Case ID: ad3d_123/html/0647-01.html
Source: Caselaw Access Project
Author: {"author": "", "license": "Public Domain", "url": "https://static.case.law/"}
Date Created: 2024-08-24T03:29:51.129683

City of New York, Appellant, v Khaleef Allicott, Individually and as Administrator of the Estate of Jacqueline Wood Allicott, Also Known as Jacqueline Wood, Deceased, et al., Respondents.
    [998 NYS2d 126]
   In an action, inter alia, for a judgment pursuant to RPAPL article 15 declaring that a deed to certain real property is null and void, the plaintiff appeals from an order of the Supreme Court, Kings County (Velasquez, J.), dated August 17, 2012, which granted those branches of the separate motions of the defendants Chase Home Finance, LLC, as successor by merger to the defendant Chase Manhattan Mortgage Corporation, also known as Chase Mortgage Services, Inc., and L&M Development, LLC, which were for summary judgment dismissing the complaint insofar as asserted against each of them, and granted the motion of the defendant Khaleef Allicott, individually, and as the administrator of the estate of Jacqueline Wood Allicott, for summary judgment dismissing the complaint insofar as asserted against him.

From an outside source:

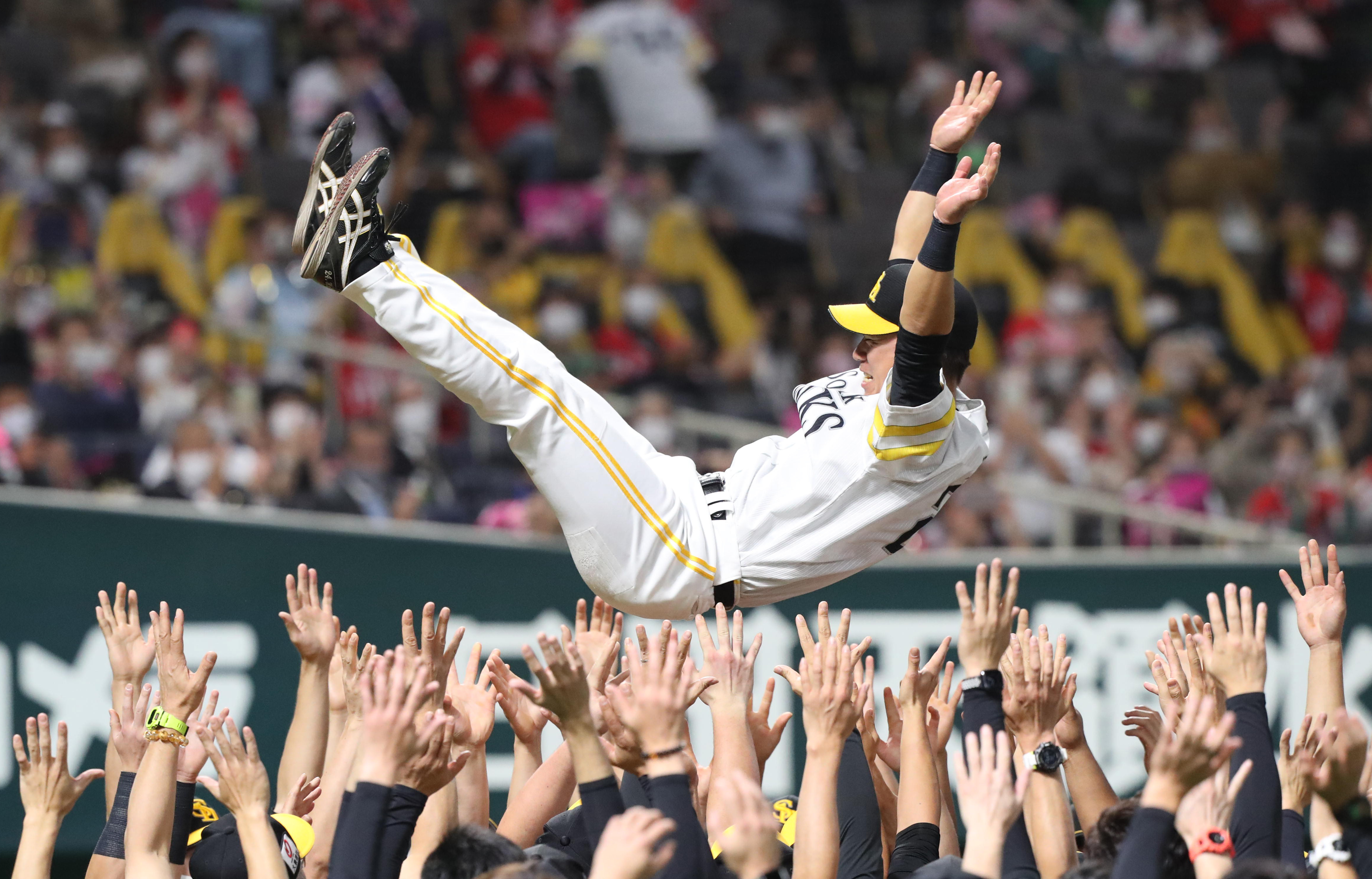 ソフトバンク 長谷川が引退セレモニー 悔いはありません バットもたくさん振りました サンスポ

Ordered that the order is affirmed, with one bill of costs.

Under the particular circumstances of this case, the Supreme Court properly granted the motion of the defendant Khaleef Allicott, and those branches of the separate motions of the defendants Chase Home Finance, LLC, as successor by merger to the defendant Chase Manhattan Mortgage Corporation, also known as Chase Mortgage Services, Inc., and L&M Development, LLC, which were for summary judgment dismissing the complaint insofar as asserted against each of them. The evidentiary submissions of the moving defendants established that they had no knowledge of the alleged fraud committed at the 2002 closing, that the plaintiff suffered no economic detriment as a result of the alleged fraud, and that granting the relief demanded by the plaintiff would cause the moving defendants to suffer a substantial forfeiture (see Fifty States Mgt. Corp. v Pioneer Auto Parks, 46 NY2d 573, 577 [1979]; Vanderhoef v Doe, 106 AD3d 1486, 1487 [2013]). Accordingly, we affirm the Supreme Court’s order.

Dillon, J.P., Hall, Austin and Barros, JJ., concur.